The Gargoyle – Andrew Davidson

I had heard lots of good things about The Gargoyle, and seen it on several people’s “Best of 2008” list, so was expecting great things. Perhaps I built my expectations up too much, as I was slightly disappointed.

The book follows the nameless narrator, as he recovers from severe burns after a car crash. His life is enriched when Marianne Engel, a mysterious sculptress of gargoyles, begins to visit him in the burns unit. Marianne claims to be a 700-year-old Medieval scribe, and she slowly reveals some of the events that she has witnessed over her long life.

I really enjoyed all the modern sections of the book. The thoughts of the burns victim were incredibly vivid, but were described in an almost comic way, so I was not disgusted by them:

Even when the skin did take, the absence of oil glands in the transplanted tissue resulted in extreme dryness. “Ants beneath the skin” is not only too cliched a description of how it felt, but also not graphic enough. Lumberjack termites brandishing little chainsaws, maybe; or a legion of fiddler crabs wearing hairshirts and fiberglass shoes; or a legion of baby rats dragging tiny barbed-wire plows. Tap-dancing, subepidermal cockroaches wearing soccer cleats and cowbuy spurs? Perhaps.
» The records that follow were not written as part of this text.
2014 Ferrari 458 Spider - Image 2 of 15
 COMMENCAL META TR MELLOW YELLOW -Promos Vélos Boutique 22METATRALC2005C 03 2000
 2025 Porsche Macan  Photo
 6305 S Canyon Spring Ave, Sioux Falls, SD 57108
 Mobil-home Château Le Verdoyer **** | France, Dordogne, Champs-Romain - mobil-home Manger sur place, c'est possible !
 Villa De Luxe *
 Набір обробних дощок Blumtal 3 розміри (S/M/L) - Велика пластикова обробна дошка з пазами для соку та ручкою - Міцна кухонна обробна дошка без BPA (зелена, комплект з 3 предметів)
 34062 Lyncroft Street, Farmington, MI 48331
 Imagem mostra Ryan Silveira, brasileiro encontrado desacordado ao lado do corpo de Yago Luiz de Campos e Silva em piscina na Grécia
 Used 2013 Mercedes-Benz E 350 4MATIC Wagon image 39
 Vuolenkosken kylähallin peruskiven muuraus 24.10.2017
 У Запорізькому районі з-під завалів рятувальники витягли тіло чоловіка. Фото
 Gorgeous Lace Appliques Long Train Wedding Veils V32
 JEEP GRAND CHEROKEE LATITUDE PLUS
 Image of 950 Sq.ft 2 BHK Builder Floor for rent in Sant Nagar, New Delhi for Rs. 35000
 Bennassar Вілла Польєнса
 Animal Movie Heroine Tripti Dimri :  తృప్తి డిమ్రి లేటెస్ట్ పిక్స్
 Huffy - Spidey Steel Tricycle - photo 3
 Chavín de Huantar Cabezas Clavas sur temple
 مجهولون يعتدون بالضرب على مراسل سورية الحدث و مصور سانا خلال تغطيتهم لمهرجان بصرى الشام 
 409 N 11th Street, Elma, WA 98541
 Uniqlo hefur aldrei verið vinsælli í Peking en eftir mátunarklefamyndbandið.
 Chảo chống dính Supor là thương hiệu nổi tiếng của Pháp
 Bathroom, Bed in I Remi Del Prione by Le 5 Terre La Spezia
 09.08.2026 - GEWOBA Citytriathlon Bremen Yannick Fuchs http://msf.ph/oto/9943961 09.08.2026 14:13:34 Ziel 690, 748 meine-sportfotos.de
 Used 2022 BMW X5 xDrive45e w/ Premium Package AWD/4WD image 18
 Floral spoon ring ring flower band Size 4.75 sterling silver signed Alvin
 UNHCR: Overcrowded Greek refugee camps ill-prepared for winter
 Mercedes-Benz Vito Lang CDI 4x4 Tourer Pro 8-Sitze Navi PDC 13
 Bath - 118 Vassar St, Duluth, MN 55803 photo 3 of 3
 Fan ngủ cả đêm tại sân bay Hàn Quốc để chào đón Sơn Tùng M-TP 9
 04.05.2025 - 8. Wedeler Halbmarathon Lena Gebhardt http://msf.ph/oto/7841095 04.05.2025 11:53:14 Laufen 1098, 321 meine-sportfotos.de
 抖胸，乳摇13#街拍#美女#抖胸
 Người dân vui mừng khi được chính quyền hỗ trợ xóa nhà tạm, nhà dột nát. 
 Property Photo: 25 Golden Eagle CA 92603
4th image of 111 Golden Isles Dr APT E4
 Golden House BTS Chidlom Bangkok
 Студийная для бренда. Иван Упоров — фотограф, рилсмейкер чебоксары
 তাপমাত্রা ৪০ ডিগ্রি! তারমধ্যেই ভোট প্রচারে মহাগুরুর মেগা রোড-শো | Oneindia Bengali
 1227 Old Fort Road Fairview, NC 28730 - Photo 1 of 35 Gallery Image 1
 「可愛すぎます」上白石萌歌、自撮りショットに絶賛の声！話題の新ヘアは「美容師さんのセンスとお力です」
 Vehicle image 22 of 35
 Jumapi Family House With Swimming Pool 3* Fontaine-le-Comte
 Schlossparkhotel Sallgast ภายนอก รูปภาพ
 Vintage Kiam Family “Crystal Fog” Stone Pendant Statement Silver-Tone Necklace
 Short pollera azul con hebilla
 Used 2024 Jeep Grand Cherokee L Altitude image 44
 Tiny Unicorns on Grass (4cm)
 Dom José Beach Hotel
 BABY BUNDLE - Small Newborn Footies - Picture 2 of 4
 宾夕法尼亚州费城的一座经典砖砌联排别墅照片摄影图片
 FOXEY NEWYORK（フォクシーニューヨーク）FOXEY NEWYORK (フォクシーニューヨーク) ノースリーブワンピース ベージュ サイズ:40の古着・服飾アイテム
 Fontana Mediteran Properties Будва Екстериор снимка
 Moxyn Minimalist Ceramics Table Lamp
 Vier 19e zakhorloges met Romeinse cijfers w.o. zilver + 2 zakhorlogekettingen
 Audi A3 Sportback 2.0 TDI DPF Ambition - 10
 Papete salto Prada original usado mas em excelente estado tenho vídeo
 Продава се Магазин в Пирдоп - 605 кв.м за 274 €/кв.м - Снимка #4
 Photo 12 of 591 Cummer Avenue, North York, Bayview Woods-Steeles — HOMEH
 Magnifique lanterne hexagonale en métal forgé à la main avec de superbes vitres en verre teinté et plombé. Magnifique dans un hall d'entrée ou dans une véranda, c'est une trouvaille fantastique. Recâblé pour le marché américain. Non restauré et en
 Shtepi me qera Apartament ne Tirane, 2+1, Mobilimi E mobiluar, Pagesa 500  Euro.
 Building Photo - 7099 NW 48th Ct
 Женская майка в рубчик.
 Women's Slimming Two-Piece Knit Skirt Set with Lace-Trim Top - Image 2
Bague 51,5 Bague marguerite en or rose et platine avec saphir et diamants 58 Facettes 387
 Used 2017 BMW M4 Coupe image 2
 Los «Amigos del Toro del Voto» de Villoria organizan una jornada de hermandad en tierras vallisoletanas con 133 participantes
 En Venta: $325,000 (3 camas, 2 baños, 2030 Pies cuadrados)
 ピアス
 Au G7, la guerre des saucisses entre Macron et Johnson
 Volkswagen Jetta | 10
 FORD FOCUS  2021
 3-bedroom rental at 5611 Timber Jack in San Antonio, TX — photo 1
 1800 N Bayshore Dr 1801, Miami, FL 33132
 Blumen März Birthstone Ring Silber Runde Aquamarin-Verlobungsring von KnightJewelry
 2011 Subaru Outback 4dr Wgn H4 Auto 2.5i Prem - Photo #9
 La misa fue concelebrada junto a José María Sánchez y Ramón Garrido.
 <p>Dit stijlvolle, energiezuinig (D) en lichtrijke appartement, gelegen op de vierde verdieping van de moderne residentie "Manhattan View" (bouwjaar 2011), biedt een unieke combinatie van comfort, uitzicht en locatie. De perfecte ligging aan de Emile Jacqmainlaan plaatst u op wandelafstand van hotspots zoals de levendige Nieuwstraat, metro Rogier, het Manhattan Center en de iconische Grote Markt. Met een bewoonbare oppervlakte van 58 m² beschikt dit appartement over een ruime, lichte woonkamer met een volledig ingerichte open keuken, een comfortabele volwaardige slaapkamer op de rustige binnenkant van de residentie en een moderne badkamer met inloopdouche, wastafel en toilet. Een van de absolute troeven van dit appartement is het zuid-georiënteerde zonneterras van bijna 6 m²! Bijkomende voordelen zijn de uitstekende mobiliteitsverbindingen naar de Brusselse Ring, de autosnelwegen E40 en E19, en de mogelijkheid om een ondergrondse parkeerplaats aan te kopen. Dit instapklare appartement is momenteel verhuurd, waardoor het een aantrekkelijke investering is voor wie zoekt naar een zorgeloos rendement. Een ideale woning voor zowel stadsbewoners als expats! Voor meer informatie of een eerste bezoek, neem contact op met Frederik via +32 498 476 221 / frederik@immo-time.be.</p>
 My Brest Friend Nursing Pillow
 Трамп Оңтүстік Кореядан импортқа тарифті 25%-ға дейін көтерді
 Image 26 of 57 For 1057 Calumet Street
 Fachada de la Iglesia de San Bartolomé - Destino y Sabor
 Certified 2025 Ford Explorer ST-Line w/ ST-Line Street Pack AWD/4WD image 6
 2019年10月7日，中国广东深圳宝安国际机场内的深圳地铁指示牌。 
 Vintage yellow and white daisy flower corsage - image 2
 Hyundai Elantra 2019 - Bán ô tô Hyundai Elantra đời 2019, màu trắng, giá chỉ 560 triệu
The book was very well researched, and I learnt a lot about the treatment of burns, schizophrenia and Medieval Germany. I also found Marianne’s character very interesting. I loved trying to work out whether or not she was schizophrenic, but I found that many of her tales seemed to drag on a bit. Although I realise their purpose in the story, I think that many of them could have been reduced in length, or removed completely. They interfered with the flow of the book, and made it overly long.

I enjoyed the ending of the book, it brought everything together, and rounded it all off nicely. Andrew Davidson is clearly a very skilled writer, and this is a great debut novel, but I think he tried to fit too many things into this book. I look forward to reading future books by him, as his imagination is wonderful!

Recommended for the vivid descriptions of life as a burns victim, and for re-enforcing the message that a person’s real beauty is underneath the skin, but be aware that fifty percent of the book is fairly average.